# Try it:
Using the listing below, please print exactly the lines from the one with "xe yamaha Sirius xang Fi nhựt dời 2016" through the one with "DIA DI MANA-MANA M.Quraish Shihab". Leave out every picture.

# Records shown:
****************************************

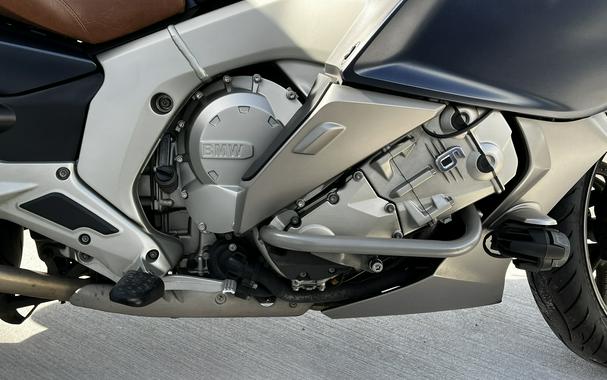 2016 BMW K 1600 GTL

****************************************

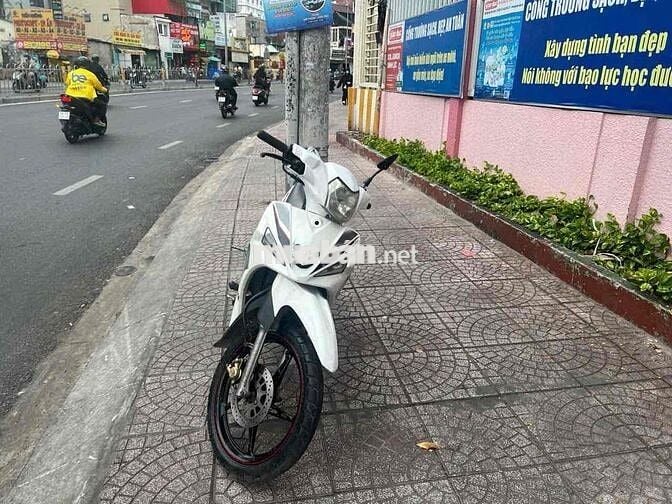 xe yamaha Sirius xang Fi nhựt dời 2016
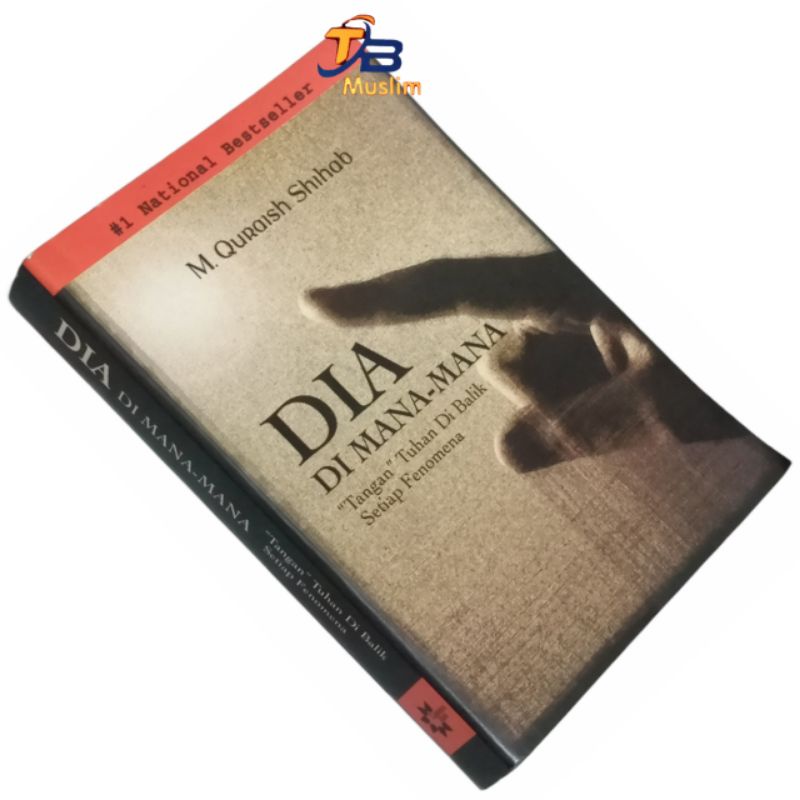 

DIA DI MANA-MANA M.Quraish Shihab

****************************************

# Result:
 xe yamaha Sirius xang Fi nhựt dời 2016

DIA DI MANA-MANA M.Quraish Shihab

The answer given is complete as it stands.